This course is designed for business professionals that want to learn how to analyze data to gain insight, use statistical analysis methods to explore the underlying distribution of data, use visualizations such as histograms, scatter plots, and maps to analyze data and preprocess data to produce a dataset ready for training.
The typical student in this course will have several years of experience with computing technology, including some aptitude in computer programming.
What you will learn
In the previous course in this specialization, you conducted extract, transform, and load (ETL) to ensure your data was ready for the next phase of the data science process: analysis.
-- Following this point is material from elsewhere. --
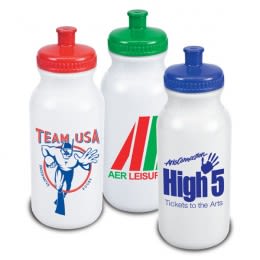  White 20 oz Custom BPA-Free Sport Bottles | Personalized Opaque Water Bottles | Inexpensive Sports Water Bottles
In some cases, an analysis of the data may be the actual final goal of the project, or it may be an important intermediary step on the road to machine learning. In either case, analyzing your data using various techniques will help you obtain useful insights into that data and what it represents. It’ll also give you a better understanding of how the data needs to undergo more processing to prepare it for machine learning. You’ll begin your analysis efforts by exploring the nature of your dataset and the relationships it contains.
Explore the Underlying Distribution of Data
One of the key factors in data analysis is determining how values are spread out within each of the different features. This will give you a deeper understanding of how the data is represented and how it might need to change.
Use Visualizations to Analyze Data
In this module, you’ll look at your data from a visual perspective in order to reveal insights that raw numbers alone may not provide.
Your analysis efforts will most likely prompt you to transform your data further, especially in preparation for machine learning. In this topic, you’ll do just that.